Transportation and land-use planning have not historically been the most transparent or welcoming processes to engage, but a few comments in Martha Janer’s My Shot in the August – September edition of Moonshine Ink titled I Saw the Signs … Become Stoplights merit gentle correction.
Ms. Janer wrote, “I propose we/you save what little is left of this small, quaint mountain town. I propose no more growth, no more construction, obliterate the general plan for 2040, and look toward an exemplary town that is already thriving present day, and be satisfied … I propose a mandate that Truckee be a no-growth community.”
Any reader could empathize with Ms. Janer’s desire. Truckee is charming because of its historic and natural environments, and these are worth preserving. Urban planners and developers, including most notoriously Robert Moses (though California certainly has our own examples) have leveraged opaque processes to shut out disagreement and inflict their vision on the built environment. General plans were created precisely in response to unbridled and haphazard development. The general plan itself is not synonymous with growth, but with transparent, community-led review. Engaging the plan update, rather than trying to obliterate it, would more closely achieve the outcomes for which Ms. Janer advocates.
Private property is inseparable from the potential for development. The standards a government must pass to outright seize and repurpose property (eminent domain) are incredibly high, and with good reason given the obvious potential for abuse. Nonprofits and land trusts can acquire land and decide not to develop it, but that’s expensive to do at any scale. Governments can also regulate use and effects. They can define negative impacts and acceptable thresholds and say, “you can do whatever you want, as long as it does/doesn’t do X, Y, Z.” That’s what planners have to work with.
For many years, every municipality in California has been legally required to adopt and periodically revise a general plan (other states have their versions, too). According to the governor’s office, a general plan encompasses “each local government’s blueprint for meeting the community’s long-term vision for the future.”
Municipalities vary in their processes, but the expectation is that in creating these documents, the community brings their desires up and out into the daylight. Hashing these desires out can be slow and frustrating, but it creates useful friction as people share their ideas, hear others’, and find compromise. In the end, the municipality has a guiding document that everyone has seen and shaped, which staff and commissioners can apply fairly and legally when evaluating development proposals.
Truckee already has a general plan, which is meant to see us through 2025. The plan has several “elements” — land use, community character, circulation, housing, economic development, conservation and open space, noise, and safety — each with several “guiding principles,” a few examples of which are listed here beside their elements:
Community Character: Maintain Truckee’s unique qualities and sense of place to preserve the town’s established historic and scenic mountain town character.
Land Use: Prevent the negative visual impact of mass parking lots and large single building forms.
Conservation and Open Space: Increase the amount of permanently protected, connected, and publicly accessible open space in and around Truckee for the use and enjoyment of all Truckee residents.
Planning staff and commissioners review development applications and compare the proposed project against the elements and guiding principles of the general plan.
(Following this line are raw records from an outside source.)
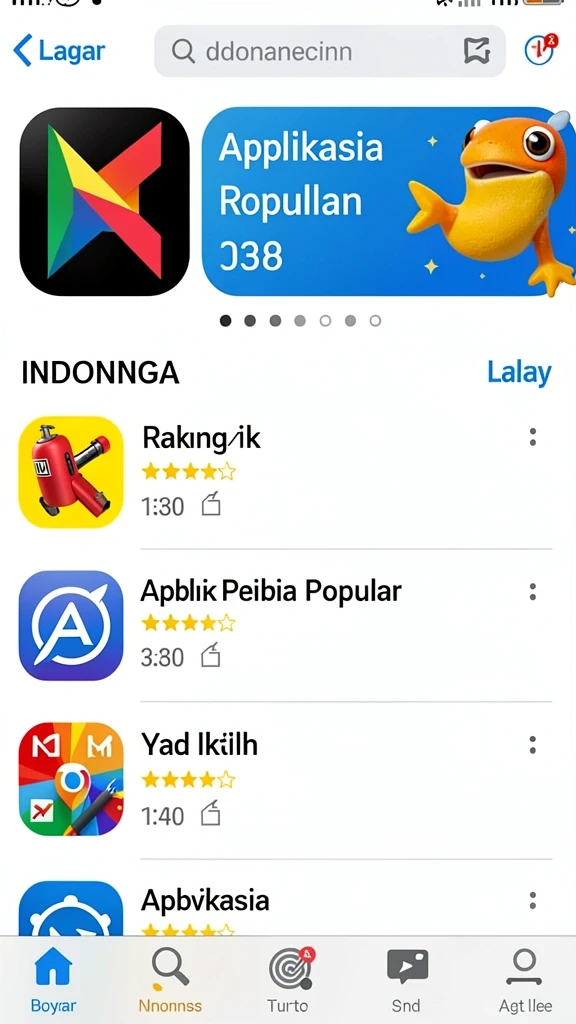 Mini game beragam untuk semua usia.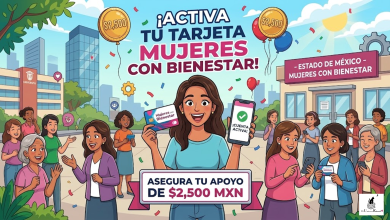 ¡Activa tu tarjeta Mujeres con Bienestar y asegura tus $2,500! 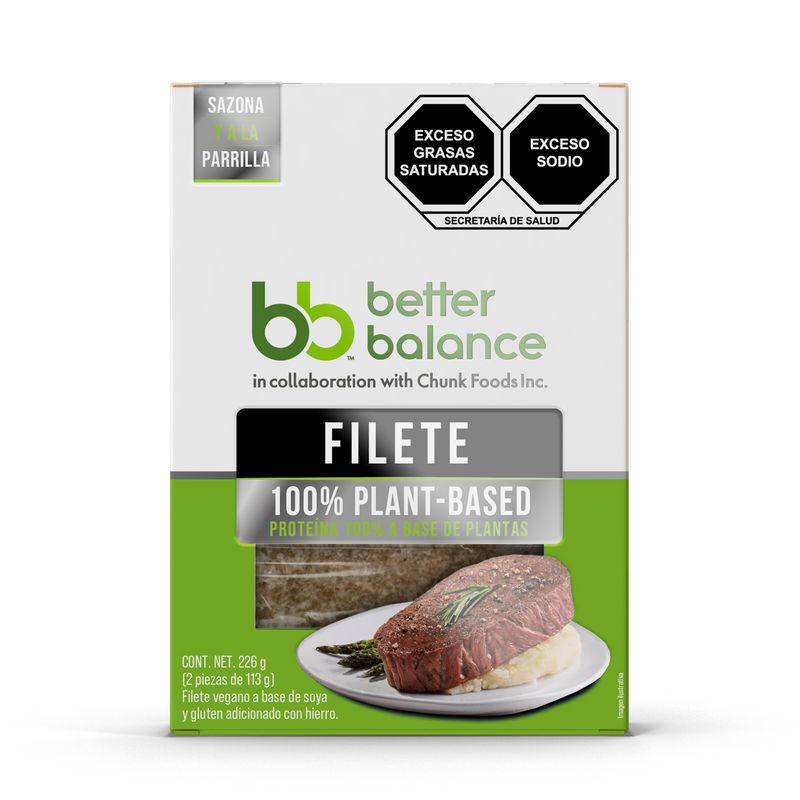Filete 100% Plant-Based Better Balance 2 piezas de 113 g c/u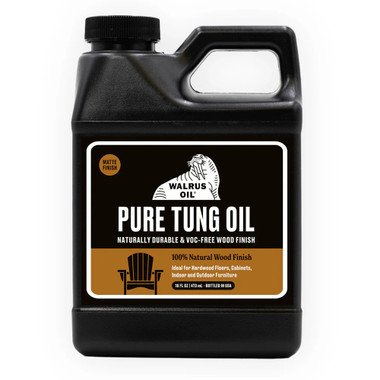 Walrus Oil Pure Tung Oil, 16oz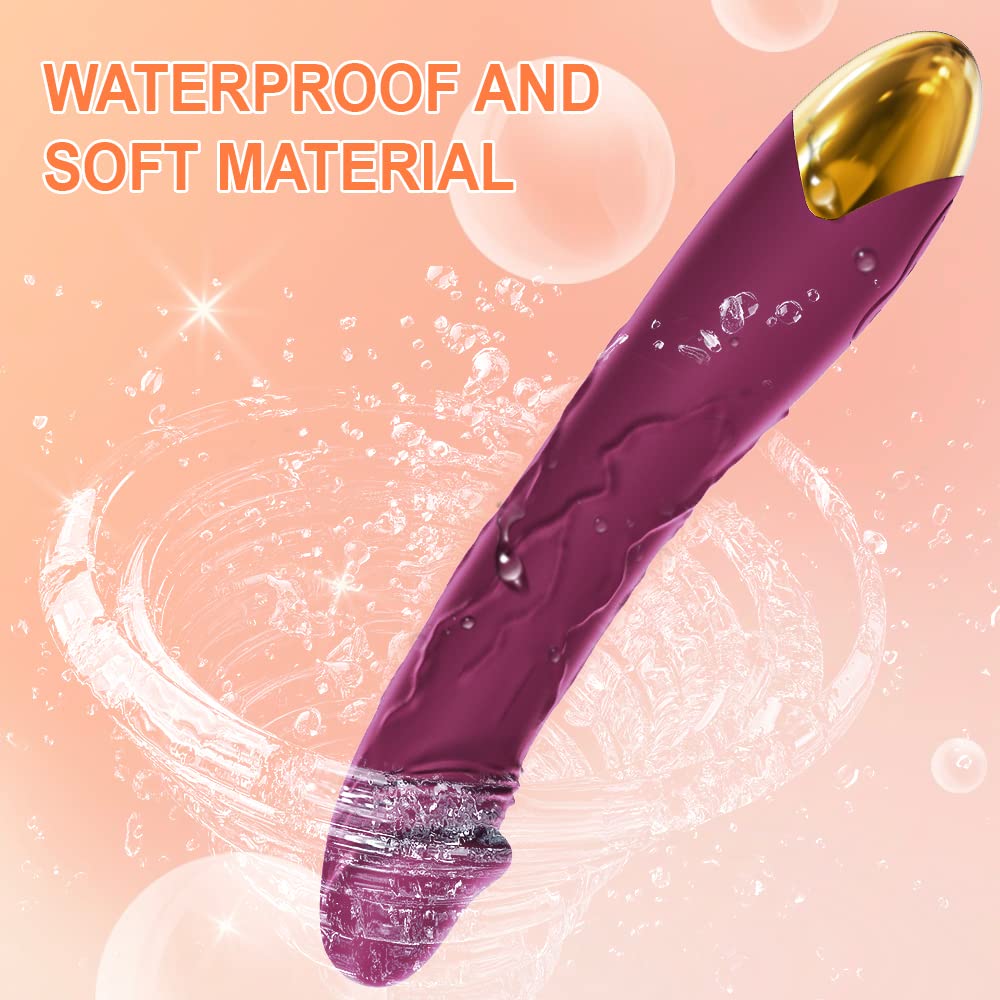 7.6 Inch Realistic Dildo Vibrator for Women，10 Powerful Vibration Modes for Clitoral and G-spot Stimulation, Waterproof Rose Adult Sex Toys for Women and Couples - Random Unicorn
What do the principles say about this impact? Does this application advance toward the vision of these elements? Can we, in good faith, say that this proposal upholds the wishes of the residents that created this general plan?
It’s not economically, legally, or practically feasible to encase Truckee in amber. Rather than fighting the general plan update, passionate residents need to step up, participate, and help staff define what about Truckee we should protect and how. Like everything, COVID has complicated the traditional hands-on workshop format, but sign up for updates and see what staff have in store next at truckee2040.com/register. Community preservation and planning don’t happen by accident or avoidance; they happen through our passion, thought, and discussion. The general plan needs us, just like we need a general plan.
~ Ruth Miller is a planning commissioner for the Town of Truckee and an alternate appointee to the General Plan Advisory Committee.